Я находился в недоумении, не умея понять, в какой степени все то, что говорит сторож, относится к разрешению заданной мною себе задачи? Но тот же сторож вывел меня из затруднения.

— Да вот и сегодня уж вывозка была младенцам на гигиен-станец, а часу в девятом их уж по машине отправят. А ежели вам насчет рождаемого, например, так бабы шляются туда с Мойки… Это уж к Полицейскому мосту надо объезд делать.

— Ну, спасибо! — сказал я, спешно сев опять на того же извозчика, и торопливо сказал ему:

— Поезжай в Гончарную поскорей!

Клячонка ночного извозчика, на которой я ехал, делая второй длинный конец по направлению к тому же Николаевскому вокзалу, с половины дороги пошла чрезвычайно тихо, хотя извозчик ее и стегал довольно исправно. Впрочем, судя по тому, что темнота еще довольно густо лежала на земле, можно было думать, что время еще раннее. Знаменская площадь была совершенно пуста, и только у рельсов конно-железной дороги виднелась капельная фигурка гимназистика с ранцем на спине: он, проживающий с родителями на Песках, ждал конки, чтобы поехать на Васильевский остров в гимназию; крошечный человечек, не доспав, встал в шесть часов утра и воротится домой никак не ранее шести часов вечера и потом еще уроки до одиннадцати. Жутко было как-то среди этой тьмы и холода видеть эту детскую фигурку, изнуряющую свои младенческие годы, наверное, ради куска хлеба в будущем, — и, раздумывая об этом, я не заметил, что лошадь извозчика уже не бежит, не пытается даже бежать, а только постоянно вертит хвостом и дергает сани вперед по вершку. Я видел, что лошадь устала, но не решался понукать извозчика и терпеливо плелся на нем по пустынной Гончарной, хотя крайне опасался, что я не поспею на гигиен-станец до отхода поезда.
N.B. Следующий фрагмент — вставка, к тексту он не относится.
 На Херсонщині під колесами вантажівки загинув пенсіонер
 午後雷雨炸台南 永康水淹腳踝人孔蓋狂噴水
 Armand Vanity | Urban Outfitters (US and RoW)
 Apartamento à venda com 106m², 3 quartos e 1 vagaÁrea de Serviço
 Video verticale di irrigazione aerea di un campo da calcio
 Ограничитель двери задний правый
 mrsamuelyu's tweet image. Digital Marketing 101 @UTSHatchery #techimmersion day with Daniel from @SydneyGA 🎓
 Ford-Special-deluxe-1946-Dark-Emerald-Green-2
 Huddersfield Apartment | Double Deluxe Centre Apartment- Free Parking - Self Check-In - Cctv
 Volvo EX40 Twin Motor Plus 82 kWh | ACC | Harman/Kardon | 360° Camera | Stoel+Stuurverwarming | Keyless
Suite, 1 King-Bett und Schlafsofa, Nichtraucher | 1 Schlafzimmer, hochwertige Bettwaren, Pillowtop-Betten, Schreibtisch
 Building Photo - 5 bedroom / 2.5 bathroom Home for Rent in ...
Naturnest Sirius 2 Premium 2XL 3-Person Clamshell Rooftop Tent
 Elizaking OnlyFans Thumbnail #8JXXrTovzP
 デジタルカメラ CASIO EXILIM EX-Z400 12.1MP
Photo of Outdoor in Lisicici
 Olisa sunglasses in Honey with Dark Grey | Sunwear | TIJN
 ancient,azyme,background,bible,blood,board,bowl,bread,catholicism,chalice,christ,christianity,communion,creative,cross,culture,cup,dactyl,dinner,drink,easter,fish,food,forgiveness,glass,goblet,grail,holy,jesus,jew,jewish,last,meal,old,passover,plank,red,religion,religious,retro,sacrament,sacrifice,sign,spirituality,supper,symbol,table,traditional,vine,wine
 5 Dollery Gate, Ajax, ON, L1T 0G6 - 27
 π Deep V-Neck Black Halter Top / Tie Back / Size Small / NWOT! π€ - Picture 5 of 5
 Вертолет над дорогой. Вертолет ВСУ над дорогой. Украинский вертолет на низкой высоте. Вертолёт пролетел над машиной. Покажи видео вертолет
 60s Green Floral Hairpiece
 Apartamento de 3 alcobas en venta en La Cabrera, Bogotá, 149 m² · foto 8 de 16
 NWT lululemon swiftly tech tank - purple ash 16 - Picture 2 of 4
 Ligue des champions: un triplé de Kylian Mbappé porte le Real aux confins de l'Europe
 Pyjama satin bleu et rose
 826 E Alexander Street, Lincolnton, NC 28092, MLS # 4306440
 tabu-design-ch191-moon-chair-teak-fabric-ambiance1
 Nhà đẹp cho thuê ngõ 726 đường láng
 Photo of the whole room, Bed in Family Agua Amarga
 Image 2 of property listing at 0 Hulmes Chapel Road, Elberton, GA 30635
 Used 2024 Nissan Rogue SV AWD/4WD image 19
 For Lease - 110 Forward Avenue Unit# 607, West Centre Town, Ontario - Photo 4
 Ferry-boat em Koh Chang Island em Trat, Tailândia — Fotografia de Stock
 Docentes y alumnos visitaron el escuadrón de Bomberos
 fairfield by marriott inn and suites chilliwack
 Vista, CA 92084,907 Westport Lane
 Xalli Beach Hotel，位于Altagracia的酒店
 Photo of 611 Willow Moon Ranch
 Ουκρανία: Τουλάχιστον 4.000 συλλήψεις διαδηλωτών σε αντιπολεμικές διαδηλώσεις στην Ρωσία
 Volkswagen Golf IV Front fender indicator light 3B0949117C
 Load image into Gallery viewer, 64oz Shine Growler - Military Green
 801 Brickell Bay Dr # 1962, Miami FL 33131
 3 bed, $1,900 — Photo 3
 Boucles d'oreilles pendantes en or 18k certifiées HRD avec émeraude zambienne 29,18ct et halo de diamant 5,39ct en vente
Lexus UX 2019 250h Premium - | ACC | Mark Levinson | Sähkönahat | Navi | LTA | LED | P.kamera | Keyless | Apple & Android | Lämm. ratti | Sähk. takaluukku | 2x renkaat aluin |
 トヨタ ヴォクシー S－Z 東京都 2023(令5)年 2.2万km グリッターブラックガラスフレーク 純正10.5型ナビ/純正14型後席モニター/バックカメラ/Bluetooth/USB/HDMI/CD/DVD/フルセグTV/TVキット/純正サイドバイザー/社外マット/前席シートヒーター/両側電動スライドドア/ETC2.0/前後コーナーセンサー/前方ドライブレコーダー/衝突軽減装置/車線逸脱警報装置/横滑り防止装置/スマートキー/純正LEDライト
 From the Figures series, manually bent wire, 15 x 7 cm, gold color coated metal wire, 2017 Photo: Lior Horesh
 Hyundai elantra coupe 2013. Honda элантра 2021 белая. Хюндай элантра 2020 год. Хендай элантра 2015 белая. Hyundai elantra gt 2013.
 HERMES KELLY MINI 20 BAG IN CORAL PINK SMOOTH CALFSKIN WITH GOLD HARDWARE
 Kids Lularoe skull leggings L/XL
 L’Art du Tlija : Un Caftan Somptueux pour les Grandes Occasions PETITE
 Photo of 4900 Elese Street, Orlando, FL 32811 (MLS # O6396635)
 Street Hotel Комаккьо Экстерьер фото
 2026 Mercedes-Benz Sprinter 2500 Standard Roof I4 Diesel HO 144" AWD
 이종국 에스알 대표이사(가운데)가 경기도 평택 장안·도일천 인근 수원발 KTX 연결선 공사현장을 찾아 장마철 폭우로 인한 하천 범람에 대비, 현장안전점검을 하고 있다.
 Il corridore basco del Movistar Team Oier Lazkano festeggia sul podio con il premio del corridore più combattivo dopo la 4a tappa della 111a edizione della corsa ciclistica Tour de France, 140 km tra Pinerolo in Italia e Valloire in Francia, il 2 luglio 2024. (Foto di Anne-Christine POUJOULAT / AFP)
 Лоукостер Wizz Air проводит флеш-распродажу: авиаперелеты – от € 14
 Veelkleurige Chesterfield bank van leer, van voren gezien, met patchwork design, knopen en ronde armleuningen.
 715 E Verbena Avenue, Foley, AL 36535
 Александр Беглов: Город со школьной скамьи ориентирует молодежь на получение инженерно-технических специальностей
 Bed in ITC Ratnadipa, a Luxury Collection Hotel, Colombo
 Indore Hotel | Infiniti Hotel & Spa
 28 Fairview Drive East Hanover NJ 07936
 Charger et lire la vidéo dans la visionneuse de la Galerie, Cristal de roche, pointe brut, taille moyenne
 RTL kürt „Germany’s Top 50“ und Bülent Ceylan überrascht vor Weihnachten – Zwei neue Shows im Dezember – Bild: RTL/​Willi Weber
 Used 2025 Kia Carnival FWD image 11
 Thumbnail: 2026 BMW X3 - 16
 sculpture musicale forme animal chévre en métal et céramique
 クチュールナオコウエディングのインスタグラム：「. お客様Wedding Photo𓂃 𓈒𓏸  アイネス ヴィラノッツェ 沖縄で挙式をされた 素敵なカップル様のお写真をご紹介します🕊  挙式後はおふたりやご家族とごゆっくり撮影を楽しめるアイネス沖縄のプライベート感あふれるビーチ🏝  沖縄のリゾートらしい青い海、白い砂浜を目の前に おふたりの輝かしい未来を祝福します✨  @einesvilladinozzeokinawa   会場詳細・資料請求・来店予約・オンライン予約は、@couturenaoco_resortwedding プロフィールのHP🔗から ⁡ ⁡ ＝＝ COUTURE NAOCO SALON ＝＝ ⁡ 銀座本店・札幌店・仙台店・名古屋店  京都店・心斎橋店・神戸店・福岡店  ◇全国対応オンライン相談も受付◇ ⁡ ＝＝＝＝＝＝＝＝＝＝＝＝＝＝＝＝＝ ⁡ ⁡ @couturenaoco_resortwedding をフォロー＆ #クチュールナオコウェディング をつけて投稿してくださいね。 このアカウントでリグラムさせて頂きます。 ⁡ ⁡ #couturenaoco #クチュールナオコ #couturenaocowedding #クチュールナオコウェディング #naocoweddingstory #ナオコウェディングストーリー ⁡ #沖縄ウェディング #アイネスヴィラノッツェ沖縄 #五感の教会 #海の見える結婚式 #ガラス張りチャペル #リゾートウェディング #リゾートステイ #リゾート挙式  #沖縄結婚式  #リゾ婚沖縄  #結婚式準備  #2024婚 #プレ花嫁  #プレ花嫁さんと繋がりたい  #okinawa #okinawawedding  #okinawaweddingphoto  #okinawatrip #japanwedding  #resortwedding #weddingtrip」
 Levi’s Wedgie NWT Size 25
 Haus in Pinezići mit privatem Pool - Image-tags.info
Вдруг, равняясь со мною санями, появилась сначала дымящаяся лошадь, потом сани.

— Поскорей, извозчик! Ах, извозчик, опоздаем! — услышал я с левой стороны.

И, обернувшись, я увидел женскую руку в перчатке (довольно ветхой), которая трогала извозчика в спину.

— Поезжай!.. Скоро отойдет поезд! Уж, должно быть, отошел! Ах, боже мой!

— Не беспокойтесь, ничего! — хлопнув дымящуюся лошадь что есть силы, сказал извозчик, и я сразу увидел, что на санях сидит та самая «белошвейная мастерица», которую всякий петербуржец встречает в таком обилии среди уличной толпы. Аккуратно одетая девушка, а рядом с ней картонка продолговатая, коричневая, с глянцевитой крышкой.

— Пожалуйста!.. — послышалось мне еще раз, когда, после ошеломляющего удара, лошадь извозчика сильно рванула и сразу обогнала нас.

— Поспеем! — едва слышно донеслись слова извозчика, сопровождаемые новым ударом, огласившим, как выстрел, пустынную Гончарную.

Извозчик обогнал нас. Я едва видел белошвейку, но и виденного было достаточно, чтобы знать, что она в величайшем беспокойстве. Она, сидя на одном месте, была в каком-то непрерывном волнении, и рука ее поминутно прикасалась к плечу извозчика.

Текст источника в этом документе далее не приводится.